WALTERS:  Yeah.  Where it is naïve, I think, is to not recognize the extent and access that young people have to drugs and alcohol.  I think we sometimes think that because they come from a home where this isn’t a part of their lives now, that it’s not ever going to be part of their lives.  Look, your viewers should go on the computer.  Type marijuana into the Google search engine and see how many sites encourage them to use marijuana, how to get marijuana, how to grow marijuana, the great fun of marijuana.  Go on YouTube and type in marijuana, and see how many videos come up using marijuana, joking around about marijuana.  And then when you start showing one, of course the system is designed to show you similar things.  Type in heroin.  See what kind of sites come up, and see what kind of videos come up on these sites.  Young people spend more time on these sites than they do, frequently, watching television.  Remember, there is somebody telling your children things about drugs.  And if it’s not you, the chances are they’re telling them things that are false and dangerous.  So there is a kind of naiveté about what the young peoples’ world, as it presents itself to them, tells them about these substances.  It minimizes the danger, it suggests that it’s something that you can do to be more independent, not be a kid anymore. 
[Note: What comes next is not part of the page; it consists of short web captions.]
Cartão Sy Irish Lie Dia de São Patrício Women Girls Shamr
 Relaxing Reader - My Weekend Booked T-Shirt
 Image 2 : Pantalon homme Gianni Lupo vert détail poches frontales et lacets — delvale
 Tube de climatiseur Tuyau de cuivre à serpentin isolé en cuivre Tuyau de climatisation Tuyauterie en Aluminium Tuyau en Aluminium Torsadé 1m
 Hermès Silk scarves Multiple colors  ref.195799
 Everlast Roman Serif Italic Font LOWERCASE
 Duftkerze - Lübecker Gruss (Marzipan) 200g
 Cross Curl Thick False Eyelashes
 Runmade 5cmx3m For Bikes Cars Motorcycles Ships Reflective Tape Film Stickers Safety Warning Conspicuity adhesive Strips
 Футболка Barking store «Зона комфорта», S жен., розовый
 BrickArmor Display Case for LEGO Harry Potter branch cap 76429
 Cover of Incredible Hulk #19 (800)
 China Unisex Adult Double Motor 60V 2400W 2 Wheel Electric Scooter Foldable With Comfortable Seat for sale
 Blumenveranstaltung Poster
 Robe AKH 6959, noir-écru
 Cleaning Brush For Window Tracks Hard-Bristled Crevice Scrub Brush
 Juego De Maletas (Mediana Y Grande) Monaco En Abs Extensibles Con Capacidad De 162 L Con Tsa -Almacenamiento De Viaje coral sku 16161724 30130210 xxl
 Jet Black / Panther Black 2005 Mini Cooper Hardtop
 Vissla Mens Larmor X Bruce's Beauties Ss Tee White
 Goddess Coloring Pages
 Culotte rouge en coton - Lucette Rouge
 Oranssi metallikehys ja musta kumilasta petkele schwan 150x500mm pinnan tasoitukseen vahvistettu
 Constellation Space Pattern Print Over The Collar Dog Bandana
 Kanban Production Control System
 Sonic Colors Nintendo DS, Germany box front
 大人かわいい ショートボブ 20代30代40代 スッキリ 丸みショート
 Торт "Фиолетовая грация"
We, from my generation — because I’m a baby boomer — unfortunately have had an association of growing up in America with the rebellion that’s been associated with drug use.  That’s been very dangerous, and we’ve lost a lot of lives.  We have to remember that it’s alive and well, and has become part of the technological sources of information that young people have.  I also see young people in treatment centers who got in a chat room and somebody offered them drugs or offered them to come and buy them alcohol and flattered them, and got them involved in incredibly self-destructive behavior.  The computer brings every predator and every dangerous influence into your own child’s home – into their bedroom in some cases, if that’s where that computer exists.  You wouldn’t let your kids go out and play in the park with drug dealers.  If you have a computer and it’s not supervised, those drug dealers are in that computer.  Remember that.  And they’re only a couple of keystrokes away from your child.

Q 13:  And you talk about the YouTube and the computers and all those things.  What about just the overall societal image?  Because we have this whole image with heroin, of heroin chic.  How much does that contribute to the drug use, and how difficult does it make your job, when a drug is being made out to be cool in society by famous people?

WALTERS:  There are still some elements of that.  It was more prominent a number of years ago.  I would say you see less of that now glamorized in the entertainment industry, or among people who are celebrities in and out of entertainment.  You see more cases of real harm.  But it’s still out there.  The one place that I think is replacing that, just to get people ahead of the game here, is prescription pharmaceuticals.  Those have been marketed to kids on the internet as a safe high.  They falsely suggest that you can overcome the danger of an overdose because you can predict precisely the dosage of OxyContin, hydrocodone, Vicodin.  And there are sites that suggest what combination of drugs to use.  We’ve seen prescription drug use as the one counter example of a category of drug use going up among teens.  We’re trying to work on that as well, but that’s something that’s in your own home, because many people get these substances for legitimate medical care.  Young people are going to the medicine cabinet of family or friends, taking a few pills out and using those.  And those are as powerful as heroin, they’re synthetic opioids, and they have been a source of overdose deaths. 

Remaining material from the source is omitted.